These entries must be printed again exactly as they are.

*** Opening of Task inputs ***

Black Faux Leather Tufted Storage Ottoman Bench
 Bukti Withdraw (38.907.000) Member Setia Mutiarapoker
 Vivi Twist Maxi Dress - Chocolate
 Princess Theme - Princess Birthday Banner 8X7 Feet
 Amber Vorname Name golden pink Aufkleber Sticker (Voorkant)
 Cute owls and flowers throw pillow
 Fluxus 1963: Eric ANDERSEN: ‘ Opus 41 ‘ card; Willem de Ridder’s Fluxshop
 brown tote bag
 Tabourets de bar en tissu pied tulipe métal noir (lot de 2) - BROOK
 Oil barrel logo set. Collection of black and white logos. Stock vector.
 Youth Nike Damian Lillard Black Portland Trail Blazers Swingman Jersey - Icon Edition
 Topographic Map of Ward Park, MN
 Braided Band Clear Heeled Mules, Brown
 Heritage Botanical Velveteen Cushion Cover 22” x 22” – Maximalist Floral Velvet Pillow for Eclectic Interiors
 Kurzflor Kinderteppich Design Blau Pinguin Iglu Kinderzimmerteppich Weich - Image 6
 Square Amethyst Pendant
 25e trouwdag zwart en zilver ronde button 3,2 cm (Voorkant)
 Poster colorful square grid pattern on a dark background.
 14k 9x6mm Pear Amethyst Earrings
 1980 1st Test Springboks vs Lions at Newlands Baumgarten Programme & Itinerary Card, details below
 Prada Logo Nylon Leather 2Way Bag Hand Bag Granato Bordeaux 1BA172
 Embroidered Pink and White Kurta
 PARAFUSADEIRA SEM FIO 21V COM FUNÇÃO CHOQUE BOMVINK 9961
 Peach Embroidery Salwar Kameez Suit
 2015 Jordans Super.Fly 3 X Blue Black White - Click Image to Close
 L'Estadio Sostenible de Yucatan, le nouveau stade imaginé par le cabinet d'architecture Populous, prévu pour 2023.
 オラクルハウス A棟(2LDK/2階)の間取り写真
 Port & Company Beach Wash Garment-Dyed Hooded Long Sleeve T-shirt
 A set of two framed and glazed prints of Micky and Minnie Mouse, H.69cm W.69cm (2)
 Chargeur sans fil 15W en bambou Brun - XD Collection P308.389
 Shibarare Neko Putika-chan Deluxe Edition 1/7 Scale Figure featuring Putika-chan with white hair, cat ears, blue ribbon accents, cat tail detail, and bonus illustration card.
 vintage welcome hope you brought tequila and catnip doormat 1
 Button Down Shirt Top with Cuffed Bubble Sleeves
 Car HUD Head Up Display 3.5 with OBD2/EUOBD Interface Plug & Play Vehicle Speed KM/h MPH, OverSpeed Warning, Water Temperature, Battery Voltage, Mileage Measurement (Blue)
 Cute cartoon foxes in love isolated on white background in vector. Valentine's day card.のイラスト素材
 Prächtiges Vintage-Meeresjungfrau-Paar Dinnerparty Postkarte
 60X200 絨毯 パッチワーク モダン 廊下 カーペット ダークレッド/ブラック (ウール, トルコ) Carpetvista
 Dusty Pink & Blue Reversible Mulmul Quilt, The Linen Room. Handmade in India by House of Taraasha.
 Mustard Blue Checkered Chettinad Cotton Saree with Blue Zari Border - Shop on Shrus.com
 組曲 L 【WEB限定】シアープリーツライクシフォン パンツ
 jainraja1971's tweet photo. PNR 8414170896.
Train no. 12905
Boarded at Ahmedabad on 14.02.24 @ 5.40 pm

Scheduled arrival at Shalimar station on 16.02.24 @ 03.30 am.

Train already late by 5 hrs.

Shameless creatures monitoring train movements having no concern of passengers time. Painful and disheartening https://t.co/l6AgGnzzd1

*** Close of Task inputs ***

> _Solved exercise_:
Black Faux Leather Tufted Storage Ottoman Bench
 Bukti Withdraw (38.907.000) Member Setia Mutiarapoker
 Vivi Twist Maxi Dress - Chocolate
 Princess Theme - Princess Birthday Banner 8X7 Feet
 Amber Vorname Name golden pink Aufkleber Sticker (Voorkant)
 Cute owls and flowers throw pillow
 Fluxus 1963: Eric ANDERSEN: ‘ Opus 41 ‘ card; Willem de Ridder’s Fluxshop
 brown tote bag
 Tabourets de bar en tissu pied tulipe métal noir (lot de 2) - BROOK
 Oil barrel logo set. Collection of black and white logos. Stock vector.
 Youth Nike Damian Lillard Black Portland Trail Blazers Swingman Jersey - Icon Edition
 Topographic Map of Ward Park, MN
 Braided Band Clear Heeled Mules, Brown
 Heritage Botanical Velveteen Cushion Cover 22” x 22” – Maximalist Floral Velvet Pillow for Eclectic Interiors
 Kurzflor Kinderteppich Design Blau Pinguin Iglu Kinderzimmerteppich Weich - Image 6
 Square Amethyst Pendant
 25e trouwdag zwart en zilver ronde button 3,2 cm (Voorkant)
 Poster colorful square grid pattern on a dark background.
 14k 9x6mm Pear Amethyst Earrings
 1980 1st Test Springboks vs Lions at Newlands Baumgarten Programme & Itinerary Card, details below
 Prada Logo Nylon Leather 2Way Bag Hand Bag Granato Bordeaux 1BA172
 Embroidered Pink and White Kurta
 PARAFUSADEIRA SEM FIO 21V COM FUNÇÃO CHOQUE BOMVINK 9961
 Peach Embroidery Salwar Kameez Suit
 2015 Jordans Super.Fly 3 X Blue Black White - Click Image to Close
 L'Estadio Sostenible de Yucatan, le nouveau stade imaginé par le cabinet d'architecture Populous, prévu pour 2023.
 オラクルハウス A棟(2LDK/2階)の間取り写真
 Port & Company Beach Wash Garment-Dyed Hooded Long Sleeve T-shirt
 A set of two framed and glazed prints of Micky and Minnie Mouse, H.69cm W.69cm (2)
 Chargeur sans fil 15W en bambou Brun - XD Collection P308.389
 Shibarare Neko Putika-chan Deluxe Edition 1/7 Scale Figure featuring Putika-chan with white hair, cat ears, blue ribbon accents, cat tail detail, and bonus illustration card.
 vintage welcome hope you brought tequila and catnip doormat 1
 Button Down Shirt Top with Cuffed Bubble Sleeves
 Car HUD Head Up Display 3.5 with OBD2/EUOBD Interface Plug & Play Vehicle Speed KM/h MPH, OverSpeed Warning, Water Temperature, Battery Voltage, Mileage Measurement (Blue)
 Cute cartoon foxes in love isolated on white background in vector. Valentine's day card.のイラスト素材
 Prächtiges Vintage-Meeresjungfrau-Paar Dinnerparty Postkarte
 60X200 絨毯 パッチワーク モダン 廊下 カーペット ダークレッド/ブラック (ウール, トルコ) Carpetvista
 Dusty Pink & Blue Reversible Mulmul Quilt, The Linen Room. Handmade in India by House of Taraasha.
 Mustard Blue Checkered Chettinad Cotton Saree with Blue Zari Border - Shop on Shrus.com
 組曲 L 【WEB限定】シアープリーツライクシフォン パンツ
 jainraja1971's tweet photo. PNR 8414170896.
Train no. 12905
Boarded at Ahmedabad on 14.02.24 @ 5.40 pm

Scheduled arrival at Shalimar station on 16.02.24 @ 03.30 am.

Train already late by 5 hrs.

Shameless creatures monitoring train movements having no concern of passengers time. Painful and disheartening https://t.co/l6AgGnzzd1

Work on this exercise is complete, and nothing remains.